Most of the top 10 countries to which the International Development Association has significant exposures have much higher debt-GDP ratios than Nigeria. For instance, the external debt-GDP ratios for some of the top 10 countries on the World Bank’s list are Ethiopia (29.7%), Ghana (41.1%), Kenya (36.6%), Tanzania (31.8%) and Uganda (40.8%).
Another indicator of debt sustainability is the debt service ratio, which is the proportion of export earnings that is used to service a debt, including principal and interest payments. A healthy ratio is below 15%.
Nigeria’s debt service ratio fell from 23% in 1990, to an all-time low of 7% in 2019, lower than some major African countries: Angola (27%), Ethiopia (29%), Kenya (38%) South Africa (16%) and Tanzania (14.7%).
Based on the debt-GDP and debt service ratios, Nigeria’s debt is sustainable. Why then should anyone worry about Nigeria’s name appearing on the list of top 10 countries the World Bank has lent the most money? One reason may be concerns about Nigeria’s ability to meet its debt obligations in the future.
Debt repayments are often made from revenue generation. At less than 5%, Nigeria has one of the lowest revenue-GDP ratios in Africa. The average for sub-Saharan African countries is almost 20%, and 30% for oil exporters.
About 65% of government revenue and over 90% of foreign exchange earnings in Nigeria comes from the oil sector. Uncertainties in the global oil market and sluggish revenue growth, as well as the negative impacts of COVID-19 on the economy, imply that the country would face challenges generating enough revenue to service its debt.
By October last year, only 64% of the revenue expected from oil had been generated. Meanwhile, government expenditures have been growing faster than expected, meaning that the deficits will be covered by borrowings. More borrowings means that an increasing proportion of revenues generated will be devoted to debt service.
Another source of worry about Nigeria may be related to the continuous deterioration in the country’s macroeconomic performance during the past five years. Creditors are often concerned about debtor countries whose economies are not well managed, and perceive them as risky borrowers. Nigeria’s economic growth fell from 11.9% in 2015 to 2.2% in 2019, and then turned to negative 1.8% in 2020 because of COVID-19.

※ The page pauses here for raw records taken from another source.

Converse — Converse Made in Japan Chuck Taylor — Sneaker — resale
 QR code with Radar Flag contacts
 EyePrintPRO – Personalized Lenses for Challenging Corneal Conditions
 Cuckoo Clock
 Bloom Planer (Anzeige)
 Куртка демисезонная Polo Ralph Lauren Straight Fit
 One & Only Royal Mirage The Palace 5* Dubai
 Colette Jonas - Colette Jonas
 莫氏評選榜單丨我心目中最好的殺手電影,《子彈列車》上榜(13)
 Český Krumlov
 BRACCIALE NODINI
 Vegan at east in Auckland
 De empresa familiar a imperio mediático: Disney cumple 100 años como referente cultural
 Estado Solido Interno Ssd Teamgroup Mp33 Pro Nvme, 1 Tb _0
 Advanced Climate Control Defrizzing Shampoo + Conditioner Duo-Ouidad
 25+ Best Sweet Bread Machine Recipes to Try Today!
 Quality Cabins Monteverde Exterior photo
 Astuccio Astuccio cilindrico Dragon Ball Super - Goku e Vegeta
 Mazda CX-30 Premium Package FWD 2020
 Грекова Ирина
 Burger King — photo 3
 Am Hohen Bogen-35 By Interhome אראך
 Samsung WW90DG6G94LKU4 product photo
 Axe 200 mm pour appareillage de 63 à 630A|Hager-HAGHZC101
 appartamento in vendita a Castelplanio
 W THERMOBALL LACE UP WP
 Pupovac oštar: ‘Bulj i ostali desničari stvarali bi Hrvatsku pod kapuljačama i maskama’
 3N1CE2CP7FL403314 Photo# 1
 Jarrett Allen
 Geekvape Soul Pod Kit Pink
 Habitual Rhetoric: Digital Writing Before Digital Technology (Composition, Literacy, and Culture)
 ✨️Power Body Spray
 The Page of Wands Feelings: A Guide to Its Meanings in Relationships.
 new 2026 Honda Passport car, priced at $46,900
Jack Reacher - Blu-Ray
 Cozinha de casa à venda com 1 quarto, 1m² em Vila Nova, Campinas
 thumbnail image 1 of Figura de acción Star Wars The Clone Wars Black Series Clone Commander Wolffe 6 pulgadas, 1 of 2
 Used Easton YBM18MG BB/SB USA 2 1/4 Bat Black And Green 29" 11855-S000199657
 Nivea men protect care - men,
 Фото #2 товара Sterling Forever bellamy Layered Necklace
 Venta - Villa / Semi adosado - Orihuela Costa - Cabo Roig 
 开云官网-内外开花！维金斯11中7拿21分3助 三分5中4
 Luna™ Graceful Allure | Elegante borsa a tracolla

The rate of inflation rose from 9% to 13% during the same period, while the unemployment rate jumped from 9% in 2015 to 22.6% in 2018. The naira has depreciated by a whopping 57 between 2015 and 2019. These are all macroeconomic challenges.
Media frenzy generated by the recent World Bank ranking may rattle foreign investors and further reduce Nigeria’s attractiveness as an investment destination. Foreign direct investment in the country has been declining continuously, from 6% of GDP in the mid-1990s to about 0.5% in 2019.
There is also the risk that foreign investors in Nigeria may relocate to other less risky countries, thereby depriving the country of revenues needed to service debt. This is more so as the country battles other challenges such as high unemployment, interest, and inflation rates, insecurity, poor infrastructure and acute shortages of foreign exchange.
To change its perception as a debt-risk country, Nigeria needs to manage its debt very prudently and avoid a return to the era of the early 2000s when the country’s debt-GDP ratio was almost 60%.
It should reduce the high governance cost and rein in corruption. Nigeria’s government should promote faster economic growth by investing in infrastructure (especially roads and electricity), providing access to capital for micro, small and medium-sized enterprises, and supporting agricultural development.
There is also an urgent need to diversify the economy and make it less reliant on oil. The Nigerian government should embark on an intensive public enlightenment campaign about the sustainability of Nigeria’s debt. There has been a public perception, albeit erroneous, that Nigeria is under debt distress. Although Nigeria’s Debt Management Office has tried to counter that narrative, more should be done by the government.